Thanks for the tip, I tried formulating $\frac{dv}{dr}$. Here it goes.
Let $dH$ be $dr$. I concluded that $g[r]$, which is the deceleration at height $r$, doesn't (merely) change until the object reaches height $r + dr$
Using this information, this means that:
$$dr = v[r] \cdot t -\frac{GM}{2r^2}\cdot t^2$$
Furthermore, the change in velocity per each $dr$ is equal to $dv=\frac{GM}{r^2} \cdot t$. Dividing $dv$ by $dr$ should give the differential equation of the function $v[r]$.
$$v'[r] = \frac{dv}{dr} = \frac{\frac{GM}{r^2}\cdot t}{v[r]\cdot t - \frac{GM}{2r^2}\cdot t^2} = \frac{1}{\frac{v[r]\cdot r^2}{GM}-\frac{t}{2}}$$
This means that I can get $t$ from:
$$t=2 \cdot (\frac{v[r] \cdot r^2}{GM} - \frac{1}{v'[r]})$$
Does this make sense so far?

 

[Ibix]

Using this information, this means that:
$$dr = v[r] \cdot t -\frac{GM}{2r^2}\cdot t^2$$

This can't be right - you've got an infinitesimal on one side and a finite quantity on the other. Either the left hand side has to be dr/dsomething or the right had side needs a dsomething.

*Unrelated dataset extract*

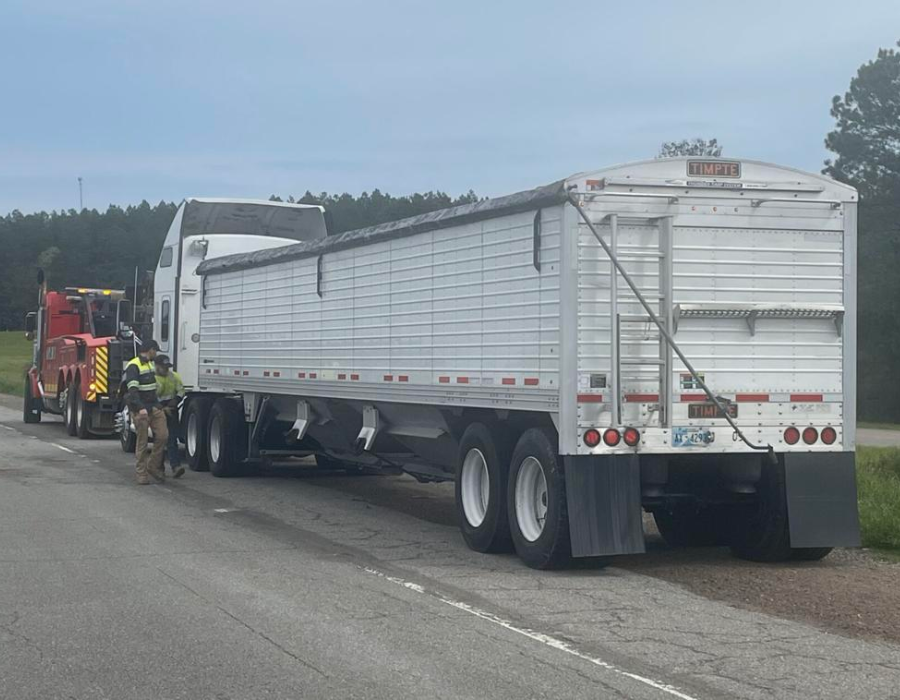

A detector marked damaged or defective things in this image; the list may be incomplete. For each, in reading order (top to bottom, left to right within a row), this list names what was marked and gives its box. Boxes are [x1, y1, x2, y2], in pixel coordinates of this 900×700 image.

cracked pavement [1, 400, 900, 700] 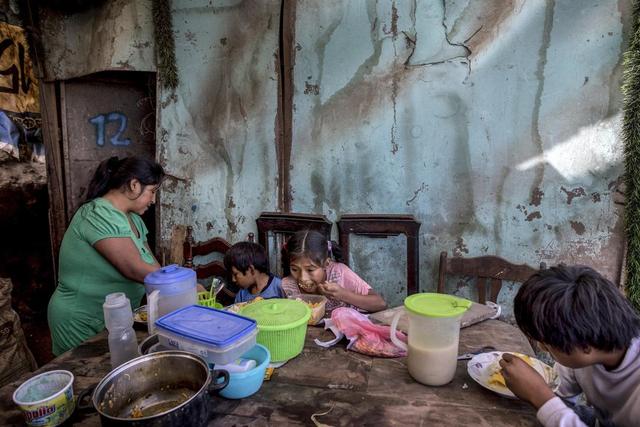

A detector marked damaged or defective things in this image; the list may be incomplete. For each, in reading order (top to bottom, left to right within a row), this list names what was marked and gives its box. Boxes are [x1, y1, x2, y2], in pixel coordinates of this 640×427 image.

In any case, you're working far harder than you need to. Are you familiar with the chain rule? Can you use it to express dv/dt in terms of dv/dr?

 

[JohnnyGui]

This can't be right - you've got an infinitesimal on one side and a finite quantity on the other. Either the left hand side has to be dr/dsomething or the right had side needs a dsomething.

You're right, I missed this. The dsomething is exactly what I'm struggling with since there are too many variables in the function that are also dependent on each other. Shouldn't the time $dt$ corresponding to a distance $dr$ be like:
$$dt=\frac{dr}{\frac{1}{2}(v[r] + v[r +dr])}$$
And:
$$\frac{1}{2}dv = \frac{1}{2} \cdot v'[r] \cdot dr$$
So if I multiply these two functions together, I should get $dr$? I'm deliberately multiplying the half of $dv$ with $dt$ for getting $dr$, since the deceleration $g$ is considered constant within a distance $dr$; in that case the distance $dr$ is therefore the mean of $dv$ multiplied by $dt$.

In any case, you're working far harder than you need to. Are you familiar with the chain rule? Can you use it to express dv/dt in terms of dv/dr?

I'll look into that and see what I can get out from it.

 

[JohnnyGui]

Sorry, but could someone please verify my mentioned formula's in my above post #10? I want to make sure if I understand these relationships correctly.

 

[Ibix]

I don't follow what you were trying to do. I was just going to write $$\frac{dv}{dt}=\frac{dv}{dr}\frac{dr}{dt}=\frac{dv}{dr}v$$That ought to be fairly straightforward to integrate.